I would totally applaud and echo everything you said. My personal experience with my folks was not as wonderful. Your mom living as long as she did, my mom ended up with Alzheimer’s for many, many years. I did open the conversation with my father around, “Well, what do you think Mom would want?” Then I’ve had, obviously, prior to my dad’s passing, the open conversation with him. I totally understand the idea of opening that door and having that conversation. Being in the medical field though, I’m comfortable with that because I’ve had those conversations with many families along the way in my training and so forth.

Right.

For us, we sort of do it because it’s something we do on a regular basis with the patients we work with, but folks out there I would reiterate – open the door and have the conversation. It reduces anxiety, it makes you feel closer to your loved ones because you respect each other and understand what each other feels and what each other wants. You may want something different than your parent or vice versa but have the conversation and have each person have the right to make their own decision about end-of-life thoughts and what their options are.

Thank you, Marianne, so much for coming on the show! It’s been great to share and hear your ideas about everything that’s going on here in the Mount Washington Valley to help optimize the life of our seniors and then across and how you’re collaborating with towns and communities all over the country! That’s amazing.

We’re having a great time, and I really appreciate being able to talk. If any of your audience has questions about things we’ve talked about or wants resources, links to things, I’d be more than happy to communicate with them about where they can turn.

Where can they turn? What’s one place you would recommend anyone go to learn more about some of the topics we’ve talked about today?

This is not an advertisement, but the AARP website does have significant material. Compassionate…I’m going to get my compassionate caring and caring compassionately mixed up…I will let you know, and your listeners can then get the link from you in terms of where they can download their state-by-state advance directives.

Okay. We always transcribe these podcasts, so below we could absolutely put whatever you send to me that people could read below and be able to get that.

As a single book, Atul Gawande’s Being Mortal is just outstanding. I’ve never had anybody who said they didn’t get something wonderful out of it.

That’s Being Mortal?

Being Mortal, yeah.

That’s great! Marianne, I always love to end with asking, again, every single guest and I can’t wait to hear your answer – what is your number one secret for living a healthy life?

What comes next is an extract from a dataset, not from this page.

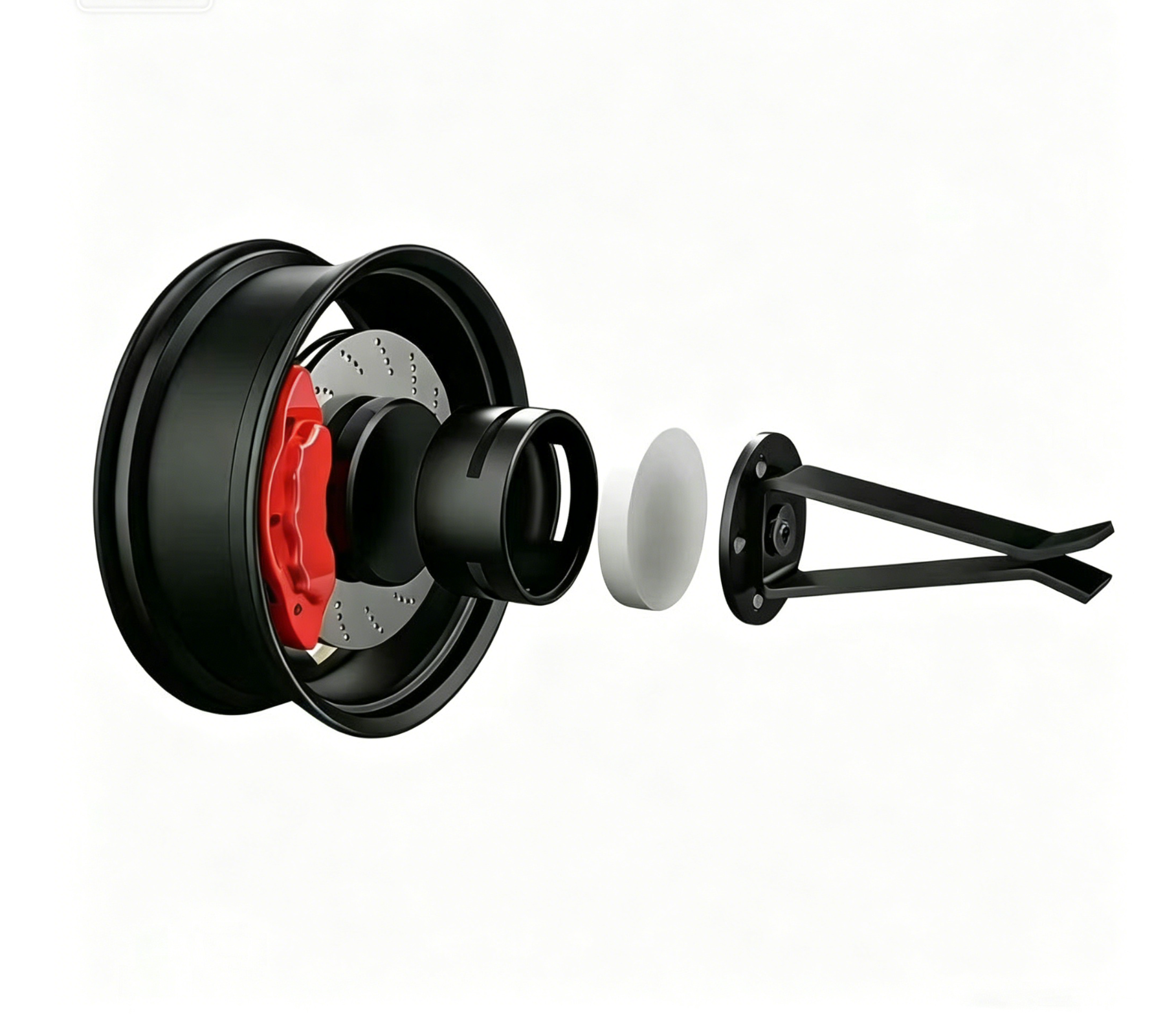 Forged Wheel Hub Car Air Vent Aromatherapy Ornament - Premium Car Culture & Tuning Inspired Freshener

Balance. Balance. A little bit of everything. A whole lot of different things, whether that’s music, play, absolutely exercise, reading (I read everything eclectically), staying socially connected. Obviously, I thrive on that. I couldn’t do without any one of those elements.

Yeah, and it’s so important to balance them all.

Right.

Right now in my life, business is so busy that it’s starting to lose a little balance. It’s like, wait a minute! What can I pull back so that I can maintain my balance of my personal life and my business life? For example. We all do that. We get off balance, we all get off balance. We fall off the wagon, this and that. That’s what we may want to do, once a month and ask yourself, “What’s out of balance, and what needs to come back into balance to view?” The idea of trying to keep yourself as optimally happy and in balance as you possibly can.

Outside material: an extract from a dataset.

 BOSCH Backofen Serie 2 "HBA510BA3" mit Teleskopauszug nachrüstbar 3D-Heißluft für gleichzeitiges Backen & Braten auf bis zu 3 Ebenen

It’s not a perfect day every day, but you get it over the course of the month and the year. The balance is there.

Yeah! And that’s what we work for. The idea of once you start focusing on it and looking at it, then you are in control just like the end-of-life decisions. You get to be in control, maintaining your balance.

Great.

Thank you so much for coming on the show, Marianne. Everybody make sure you check out the AARP as well as we’ll put the other link and Being Mortal. Check out that book. Thanks so much for listening to the show. Thanks so much for being on the show, Marianne. We’ll see you on the next episode of Discover Health.